ACTION ITEM - Take the line with "Womens M&S Collection" as the first line and the last line of the data as the final one. Write out those lines exactly, and no others.

SOURCE DATA -
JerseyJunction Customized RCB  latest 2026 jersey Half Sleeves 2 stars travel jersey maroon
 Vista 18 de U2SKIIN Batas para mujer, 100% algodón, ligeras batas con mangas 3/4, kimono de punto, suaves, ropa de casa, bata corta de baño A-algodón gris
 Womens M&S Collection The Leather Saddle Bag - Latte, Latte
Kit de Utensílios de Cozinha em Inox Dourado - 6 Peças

OUTPUT BELOW -
 Womens M&S Collection The Leather Saddle Bag - Latte, Latte
Kit de Utensílios de Cozinha em Inox Dourado - 6 Peças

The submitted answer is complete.